Between the 31st of October and the 20th of November, the final exhibition at the Art Space, National Park Ta’ Qali, of our diploma students offered more than a showcase of finished works; it unfolded as a thoughtful investigation into the self. Rooted in deep artistic research, each graduate artist leaned inward to examine authenticity, memory, resilience, and the continually shifting landscape of human experience. The overarching theme, The Self as Site, bound the five projects into a cohesive conversation, inviting us to view the body and mind not as fixed monuments but as dynamic, evolving terrains—sculpted by construction, wear, and renewal.
Emanuel Borg channeled sorrow and resilience into visceral, fragmented forms, harnessing the surprising malleability of expandable foam to reveal the fragility and tenacity that resided within us.

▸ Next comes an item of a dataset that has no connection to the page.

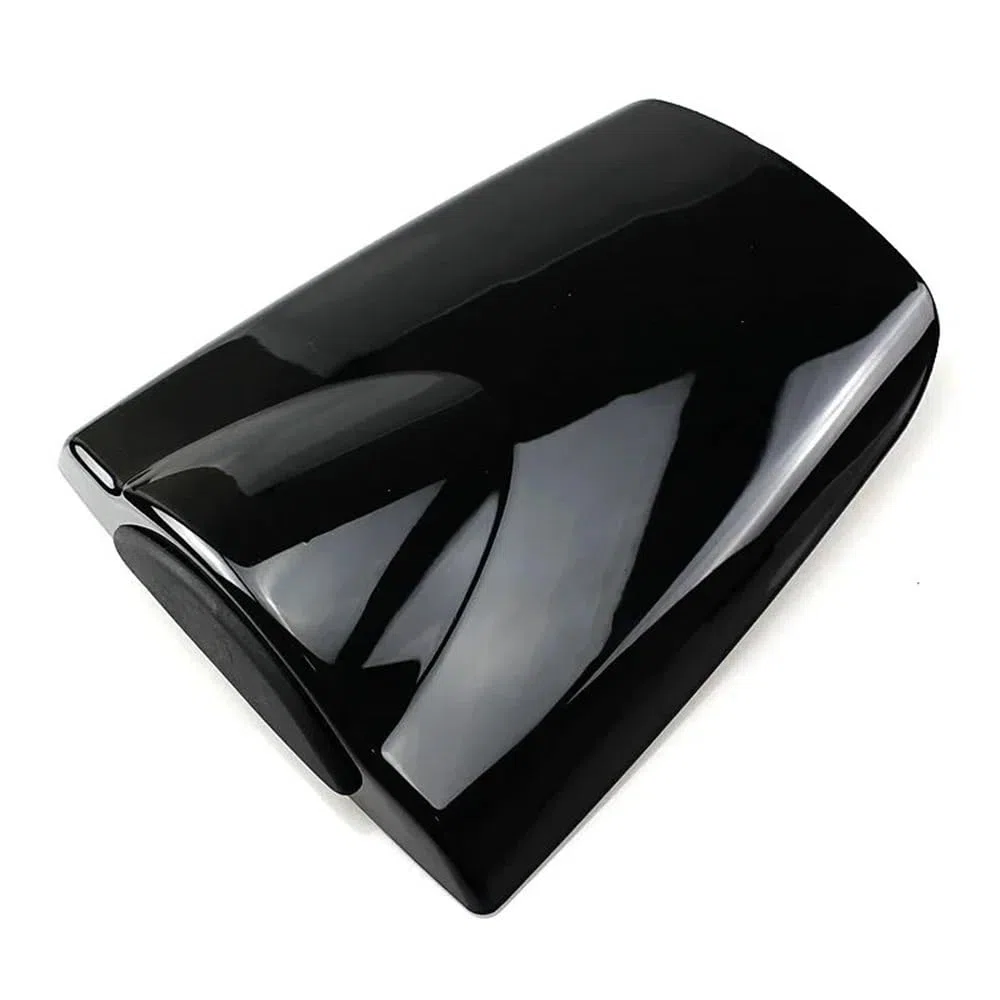 Copertura Passeggero Posteriore Moto Per Honda Per CBR 600 RR F5 2003 2004 2005 2006 Coprisella Per Motocicletta(Black 1)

Max Christian Farrugia, meanwhile, investigated the rhythmic tension between chaos and order through layered structures grounded in imagination, suggesting that structure itself was a living negotiation with possibility. Mario Borg engaged gestural abstraction to probe universal inner conflicts, moving between order and disruption, faith and doubt, with a sensitivity that made the invisible felt. Sandro Grech worked with rusted metal to reflect decay and transformation, evoking the quiet persistence of renewal that survived beneath surface changes. Josette Casha turned to draped and stained textiles to reveal vulnerability and dignity embedded in experiences of homelessness, inviting empathy and a reconsideration of shelter, belonging, and worth.
Together, these works charted a powerful journey from inward inquiry to outward expression. They reminded us that the self is not a static position but a site continually rearranged by time, memory, material, and meaning. We extended our heartiest congratulations to the diploma students for completing their two-year programme and invited the public to engage with this resonant exploration of the self as a living, ever-evolving site.